Aviation EU ETS agreement to continue with 'Stop the Clock' stumbles as Parliament's ENVI MEPs narrowly vote to reject

Aviation EU ETS agreement to continue with 'Stop the Clock' stumbles as Parliament's ENVI MEPs narrowly vote to reject | Peter Liese

Wed 19 Mar 2014 - MEPs on the European Parliament’s environment committee (ENVI) today narrowly rejected a compromise agreement reached with EU member states and the European Commission to extend the ‘Stop the Clock’ scope of the Aviation EU ETS until 2016. The deal, if passed, would have paved the way for the scheme’s scope to be restricted to flights within the European Economic Area (EEA) to allow ICAO room to agree the introduction of a binding global market-based measure (MBM) from 2020. Green and left of centre ENVI members decided at a party level to reject the deal brokered during trilogue negotiations by the committee’s rapporteur on the legislation, centre-right German MEP Peter Liese. The deal fell short of an earlier agreement by ENVI members to back a Commission proposal that would see EEA airspace coverage of the emissions from all international flights departing and arriving EEA airports. However, Liese is confident a plenary of the full Parliament next month will vote for the compromise.


The ENVI vote was 29 for and 29 against the agreement but this meant there was no majority to support it and so was therefore deemed rejected.


The rejection is a victory for lobbying group Transport & Environment (T&E), which mounted a concerted campaign in the days leading up to the vote with a slogan aimed at ENVI MEPs to ‘Fly in the face of bullying on the aviation ETS’. Describing the trilogue agreement as flawed, T&E urged MEPs to back “the more environmentally effective and fair airspace proposal” and not to cave in to international threats from Russia, China and the United States.
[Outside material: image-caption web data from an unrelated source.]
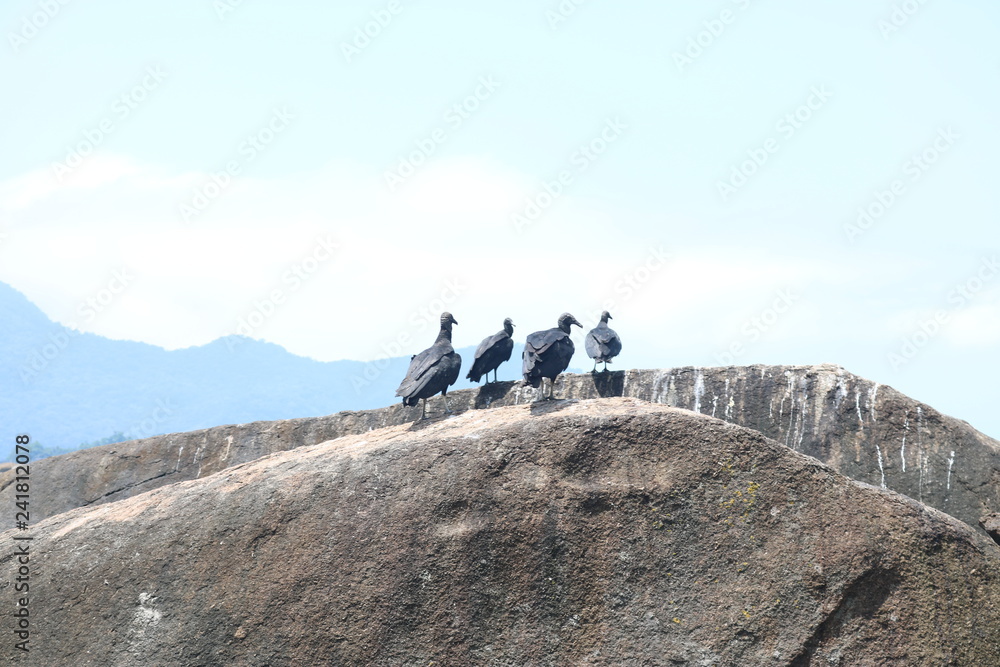 Vultures lined up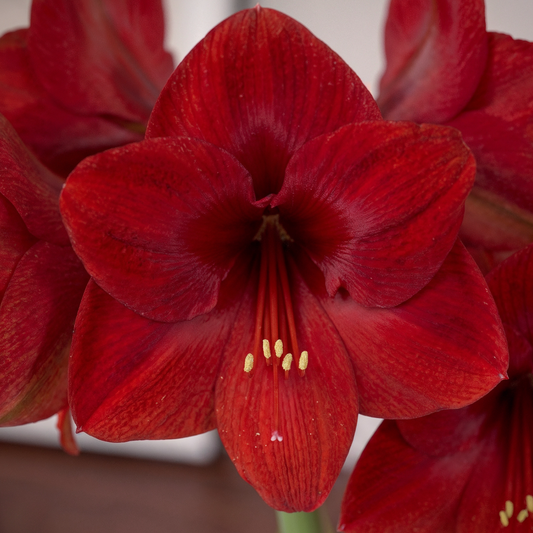 Amaryllis Cayenne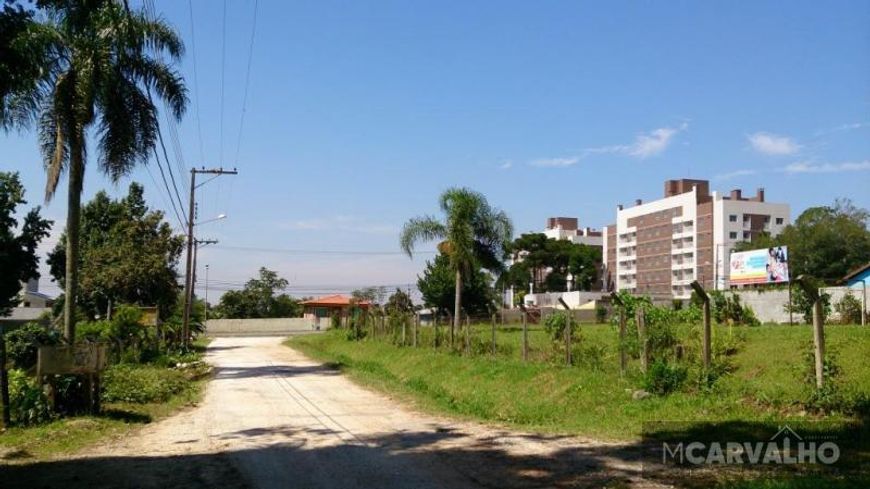 Terreno para Venda em Colombo, Atuba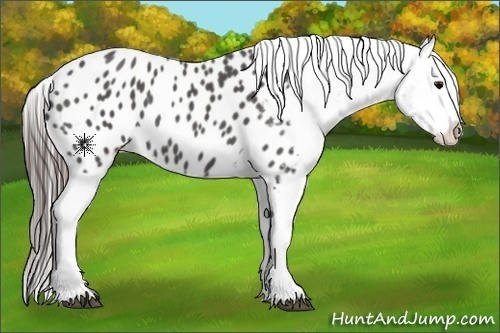 Horse Color:Black Sabino Appaloosa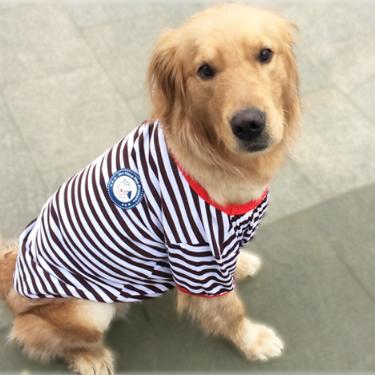 小金毛到家几天可以开始训练,小金毛刚到家该怎么养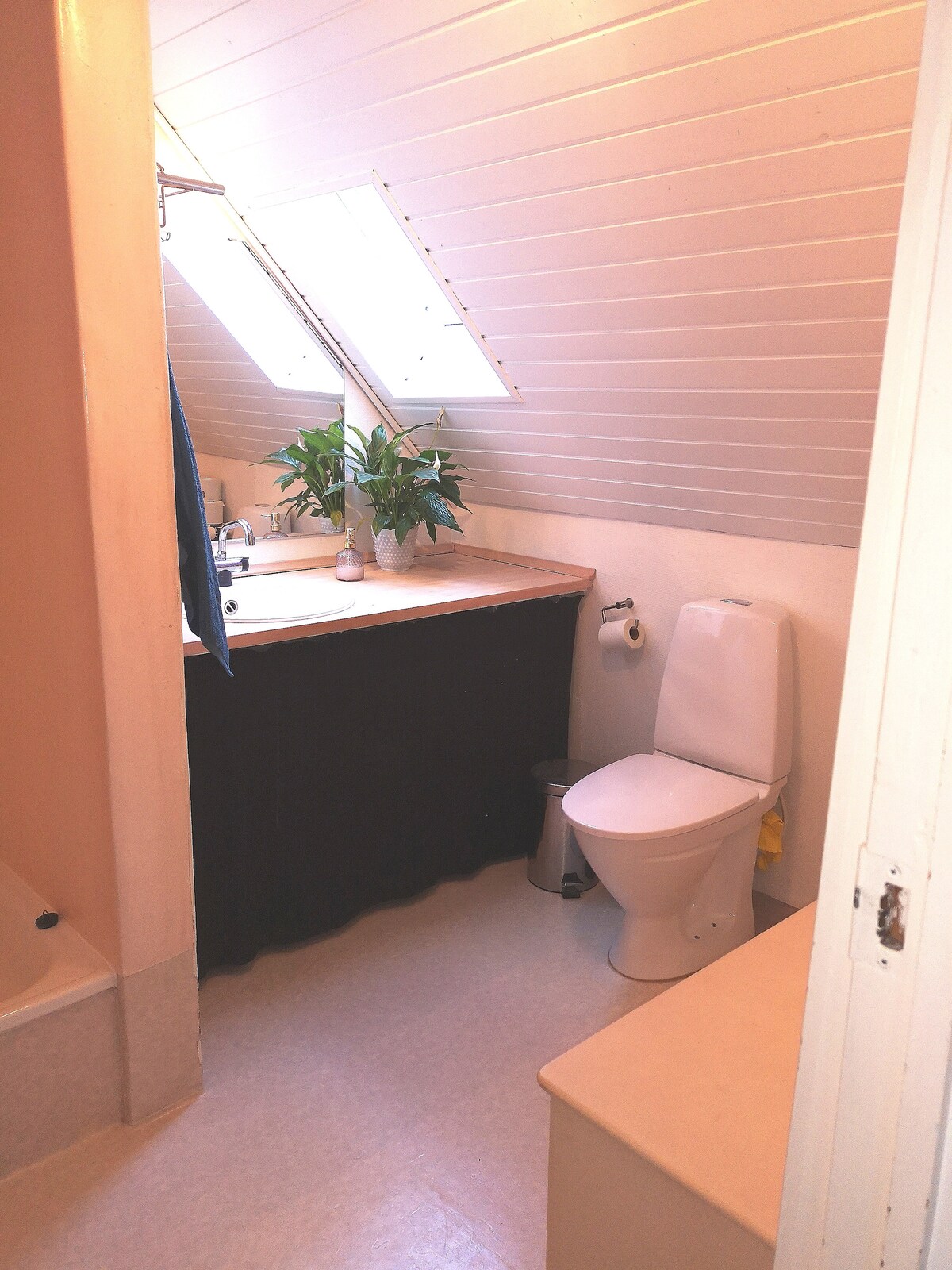 A compact bathroom is highlighted, featuring a sink with storage beneath and a toilet adjacent to it. Natural light filters through a skylight, enhancing the room's brightness. A green plant adds a touch of freshness, while beige walls create a soft and neutral ambiance.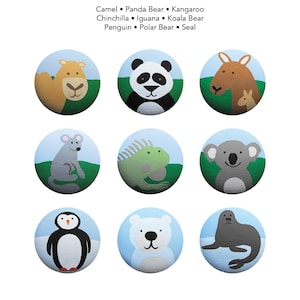 Könnte beinhalten: Neun bunte runde Knöpfe mit gemalten Bildern von verschiedenen Tieren. Die Tiere sind ein Kamel, ein Pandabär, ein Känguru, ein Chinchilla, ein Leguan, ein Koalabär, ein Pinguin, ein Eisbär und eine Robbe.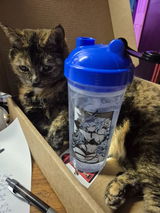 Scarlettalein review photo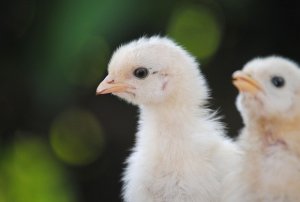 Niente più cervello di gallina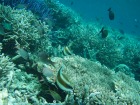 色鮮やかな熱帯魚や珊瑚礁などがあふれるパラオの海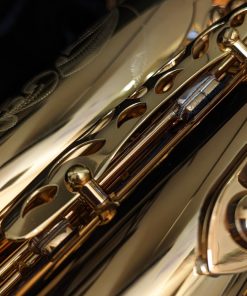 Eastman Rue Saint-Georges DS Alto Sax EAS850 - RH Mech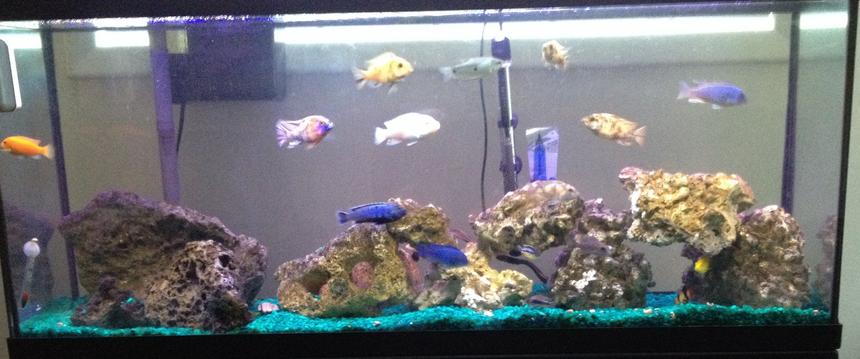 Rated #99: 55 Gallons Freshwater Fish Tank - African Cichlid Tank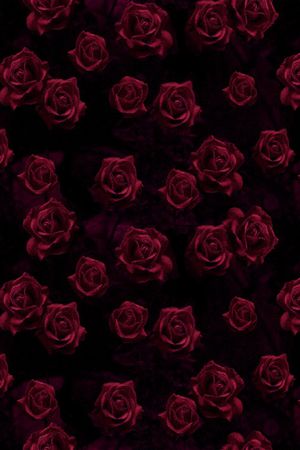 花朵印花华亿平台图片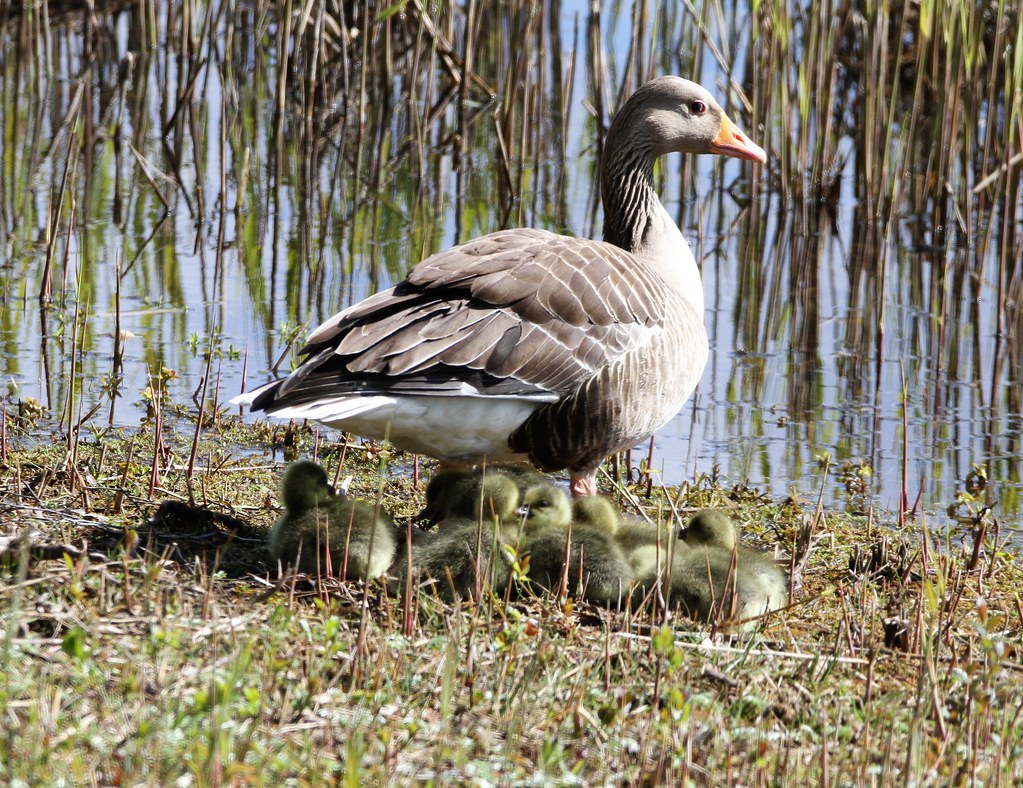 Greylag Goose and goslings Gravel Pits Kirkby 5 May 21 Flickr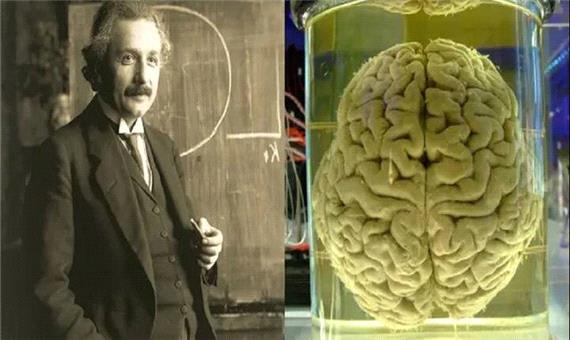 فناوری جدید چین می‌تواند به رمزگشایی مغز اینشتین کمک کند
It argued that as the Commission has stated no enforcement of the scheme was required by EU states until new legislation had been agreed, there was still time for a better deal to be negotiated with member states through the Council. T&E is in favour of the airspace approach.


“The aviation ETS is the only international climate measure in place today that tackles aviation’s soaring emissions,” commented Aoife O’Leary, T&E’s Policy Officer. “The trilogue compromise, which would effectively have dismantled the ETS, was a bad deal and rightly rejected by the Parliament. This decision sends the clear signal to political leaders in member states, to industry and to foreign countries that the EU’s sovereignty is not subject to external bullying.”


However, the rejection of the deal agreed with the Council angered Finnish MEP Eija-Riita Korhola, rapporteur on the legislation for the industry committee (ITRE). “Once again a shameful example of our democracy deficit,” she tweeted of the minority ENVI committee vote.


It was also condemned by the Association of European Airlines (AEA), which represents major carriers in the region. “The ENVI result is most worrying,” said Athar Husain Khan, AEA’s CEO. “ENVI today missed the chance to provide clarity on the way forward for the aviation ETS. If the trilogue agreement is not formally adopted before April 30, the full ETS would be applicable. Given the international controversy around the aviation ETS that we have witnessed during the past years, we believe that a full ETS is not a realistic option and that it would have a negative impact on European airlines, their operations and their employees. Moreover, this move would put at risk the agreement reached during the ICAO Assembly last year and undermine the efforts to reach a global deal on reducing emissions from international aviation.”

 

The European Regions Airline Association (ERA) said the ENVI vote “only adds to the confusion on the future of the EU ETS.”


ERA Director General Simon McNamara said if the compromise proposal had been voted through it would have created an intra-European trading scheme. “The EU ETS in this format would have had little or no environmental gain and would just penalise European carriers,” he said. “ERA’s position has always been that the entire scheme should have been put on hold for all flights, pending a satisfactory agreement on a global scheme at ICAO level.”

 

The agreement as it stands, together with any proposed amendments, will likely be put to a plenary session of the full Parliament when it meets on April 3. According to T&E, Liese must now take the original ENVI position favouring the airspace proposal to the plenary.


However, in a statement after the vote, Liese said he was optimistic the plenary would support the compromise agreement he agreed with the Council rather than the Commission’s airspace proposal supported by ENVI.


“I understand that many colleagues are unhappy with the attitude of member states and the poor ambition of the EU environment and transport ministers on this issue,” he said. “But in politics you have to live with to the reality. The European Parliament itself cannot enforce the legislation and many colleagues who now reject the compromise raised concerns in a debate that even a more limited approach could be implemented. Many of my colleagues unfortunately have not been very coherent in this debate.


“I am confident that my political group [EPP] will table the compromise to plenary and we will support it with an overwhelming majority. Given that colleagues from the other political groups in TRAN [the transport committee] supported an even less ambitious proposal, I am very optimistic that we will have a majority in the plenary. The right signals from the Commission and Council would be helpful in this respect.”